Common mistakes
Before we go deeper, it is very important that we flag a common anti-pattern that can take your Continuous Delivery experience off into a catastrophic direction.
We have introduced the idea of DevOps as a process that helps you optimize delivery based upon metrics. Pick the wrong metrics, however, and you will get very efficient at being busy doing all the wrong things until you run out of resources and are shut down.
It is very tempting to align all your metrics against the delivery of features. Everyone in the organization will happily join in this activity because features are arbitrary lists of work that are easy to come up with, easy to measure progress against and usually represent things that are directly tied to milestones and bonuses. Worse, it is really, really easy to build processes that automate the end to end pipeline of delivering features and measuring their delivery. You will feel good doing it. Everyone will be busy. Stuff will happen and features will get delivered. Things will be happening faster and more efficiently than they were before. Bonuses and incentives will abound.
Then, there will be a reality adjustment. Your customers still aren’t happy. Nobody is buying. In fact, the instrumentation shows that nobody is really even using the features you shipped. Growth tanks and everyone starts saying that “Continuous Delivery doesn’t work”.
Here’s the error: Features are outputs. For Continuous Delivery to work as intended, your metrics must be based upon Outcomes, not Outputs.
The benefits of Continuous Delivery are not derived from the optimization of the engineering process within your organization. The purpose of Continuous Delivery is to optimize the delivery of those outcomes that are most important to your customers.
The bulk of the technical details of Continuous Delivery implementation can appear to sit within the engineering function and DevOps transformations are often driven from that team, but Continuous Delivery will only work for your organization if it is adopted as a core component of a product commercialization strategy that aligns all activities across shareholders, management, marketing, sales, engineering and operations.
The activities flowing through your Continuous Delivery pipeline should either be experiments to validate a hypothesis about customer needs, or the delivery of features that represent a previously validated customer need. All of this must be driven by direct customer interaction.

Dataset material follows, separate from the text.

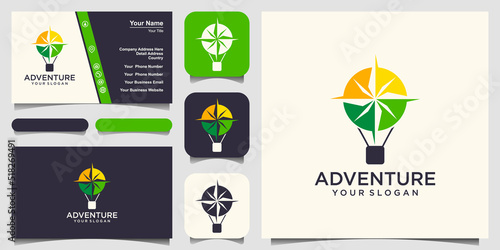 Creative hot air balloon with compass vector logo template.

In order to successfully implement Continuous Delivery, your organization must have a structure that sets out strategic outcomes and empowers teams to discover customer needs and take solutions to them to market. This implies a level of comfort with uncertainty and a trust in delivery teams to do what is best for the customer in the context of the strategy.

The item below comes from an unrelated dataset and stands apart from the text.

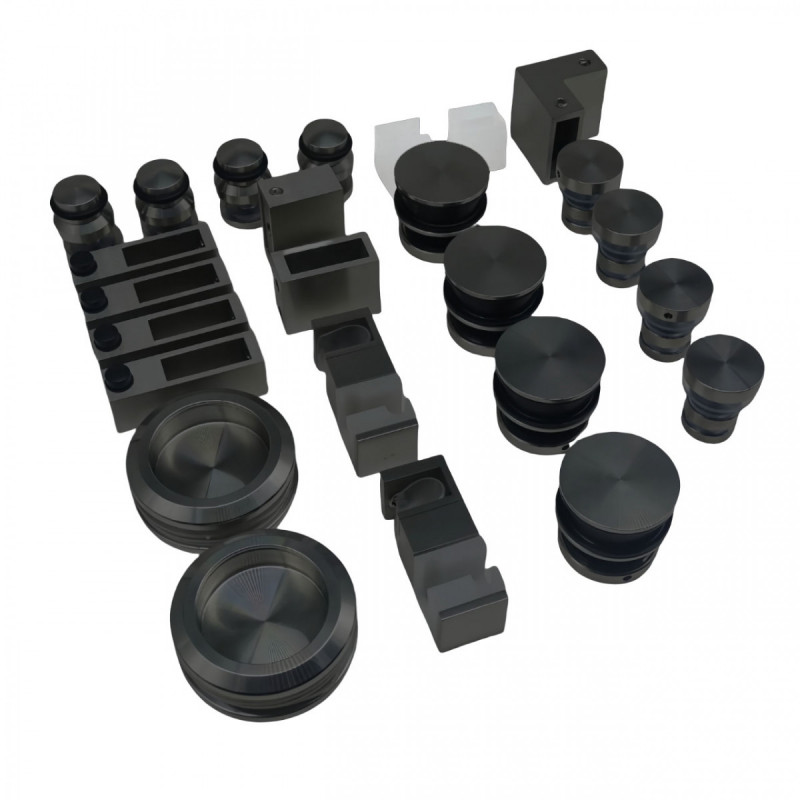 Комплект фурнитуры Inoxstore D-1 для душевой кабины, чёрный, AISI 304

In a classical business, ‘strategy’ is little more than a plan of work which is formed annually and which spells out the set of features to be delivered in the following year. All spending and bonuses are structured against this plan, leaving little room to change anything without ‘failing’ on the plan.

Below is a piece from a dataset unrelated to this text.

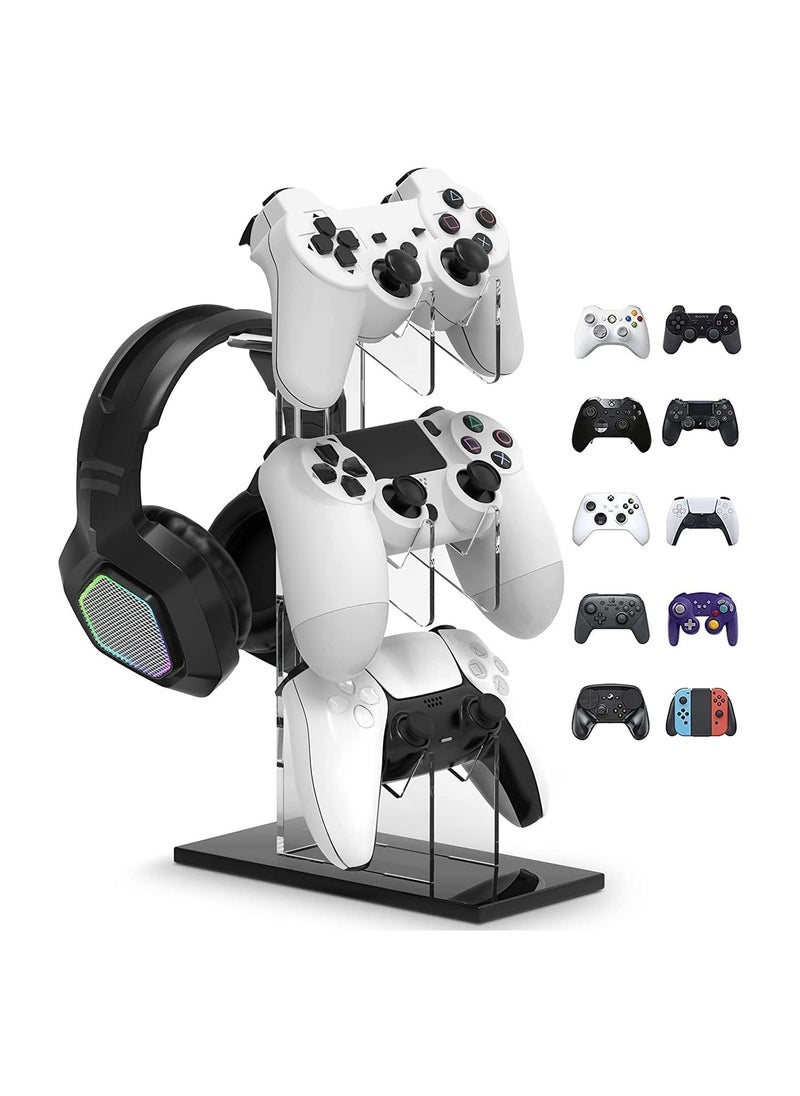 XICEN - Universal 3 Tier Controller Stand and Headset Holder Game Accessories Storage Bracket for PS5 Pro / Playstation 5 / PS5 Slim / PS4, Controller Holder Headset Stand Gaming Accessories Black - Image 1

If an engineering team attempts to implement Continuous Delivery unilaterally within this structure, they will find themselves railroaded into using it to implement planned features by the rest of the organization. Furthermore, they will have no power to release into production because go-live processes will remain defined by other areas of the business that are still operating against classical incentives and timescales.
Broad support for organisational change at board level is necessary for a successful Continuous Delivery implementation.